她下意识抬手挡了挡身前的风光,拉住他的睡袍前襟,小声说:“那便等你做了帝君,再与我商讨这些好了。”她拄起脸,腕间圆环叮当作响。
“你这个圆环是哪里得来的?第九重幻境到底是什么?我在水镜中什么画面都看不到。”他攥住她的手腕,一双眼黑的深沉。
“我觉得我手上这个圆环,指不定与降服牛魔王的乾坤圈有什么渊源,你莫要小看才是,关于第九重幻境,其实我也非常迷茫,自从出瓶之后,我对它的记忆就是一片空白,用力回想就会觉得头疼欲裂。”墨玉极为认真回答,顺带将手搭在他的肩头,道,“这么小巧精致的腕环不适合你,你就省省力气,别再打它的主意啦。”

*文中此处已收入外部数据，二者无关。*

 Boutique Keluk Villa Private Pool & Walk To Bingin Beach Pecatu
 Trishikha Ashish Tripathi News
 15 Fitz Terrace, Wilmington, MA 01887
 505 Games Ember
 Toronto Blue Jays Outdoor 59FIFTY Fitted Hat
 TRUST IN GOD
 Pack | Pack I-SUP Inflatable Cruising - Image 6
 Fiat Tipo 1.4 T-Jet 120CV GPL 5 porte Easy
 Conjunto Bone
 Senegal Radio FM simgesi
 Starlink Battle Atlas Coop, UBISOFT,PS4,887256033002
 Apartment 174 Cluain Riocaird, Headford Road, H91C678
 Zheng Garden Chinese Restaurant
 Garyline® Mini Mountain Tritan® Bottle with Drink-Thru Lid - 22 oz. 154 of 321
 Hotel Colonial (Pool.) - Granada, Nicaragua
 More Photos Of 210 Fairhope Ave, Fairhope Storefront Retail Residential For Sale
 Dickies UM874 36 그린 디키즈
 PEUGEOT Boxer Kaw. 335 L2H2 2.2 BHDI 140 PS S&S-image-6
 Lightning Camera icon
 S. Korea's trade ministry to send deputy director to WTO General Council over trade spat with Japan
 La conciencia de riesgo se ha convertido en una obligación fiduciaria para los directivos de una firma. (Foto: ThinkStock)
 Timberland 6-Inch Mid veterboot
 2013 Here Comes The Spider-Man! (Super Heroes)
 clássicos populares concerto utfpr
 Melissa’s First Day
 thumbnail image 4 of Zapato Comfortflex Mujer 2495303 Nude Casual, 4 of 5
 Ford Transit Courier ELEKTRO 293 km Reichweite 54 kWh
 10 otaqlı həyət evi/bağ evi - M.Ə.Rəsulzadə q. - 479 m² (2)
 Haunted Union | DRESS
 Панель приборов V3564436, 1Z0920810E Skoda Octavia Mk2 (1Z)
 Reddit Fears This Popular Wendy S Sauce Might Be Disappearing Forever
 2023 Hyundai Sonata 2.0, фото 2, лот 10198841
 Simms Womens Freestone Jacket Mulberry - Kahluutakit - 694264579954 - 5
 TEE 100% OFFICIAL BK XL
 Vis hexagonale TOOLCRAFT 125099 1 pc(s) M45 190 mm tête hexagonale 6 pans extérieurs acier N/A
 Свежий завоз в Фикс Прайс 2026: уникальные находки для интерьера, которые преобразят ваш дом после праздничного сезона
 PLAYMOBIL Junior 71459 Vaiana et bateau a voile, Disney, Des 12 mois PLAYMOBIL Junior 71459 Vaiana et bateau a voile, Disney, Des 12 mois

赤炎愣了愣,愣罢将她揽进怀中,拿捏力道按压她的脊背,道:“本君不是什么柳下惠,你这样光溜溜的躺在里面,是当真不怕?”
她揽住他的脖子,吻了吻他的唇角,笃定道:“不怕。”
“我虽常对你‘发乎情’的亲近,但也会尽可能‘止乎礼’的,所以你大可不用忧心这个。”他笑了笑,揉着她的长发,轻声道,“快睡吧,长了黑眼圈就不好看了。”
人界,楚国。
荆江横亘整片山河。大小丘林遍布疆土,入眼数不清的黄毯绿毯,阡陌交通。
楚国正值鼎盛时期,境内宗派林力,皇城高手如云,现任楚皇芈尤乃是魔修合体之境,实力仅逊于人王怀臣。
皇宫禁院,长廊回道九曲通幽,宫殿楼阁富丽堂皇,古树参天,奇石林立,重檐门梁上悬着四盏红彤彤的长明灯,两排披甲持剑的侍卫在朱漆大门前严阵以待。
金碧辉煌的大殿上,两名如花似玉的女侍卖力摇着彩羽日月扇,芈尤金冠束发,龙袍加身,此刻正慵懒的靠在龙座上闭目养神。
室内龙涎飘香,门口站着随侍的宫人,几个股肱大臣跪在大殿中央。
殿内一只彩羽鹦鹉“咕咕”的叫得响亮。
“诸位爱卿,方才还争论得颇为起劲,现在倒不比一只鹦鹉了?”芈尤怒拍龙靠,猛然睁开眼睛,俊朗的面庞上阴云密布。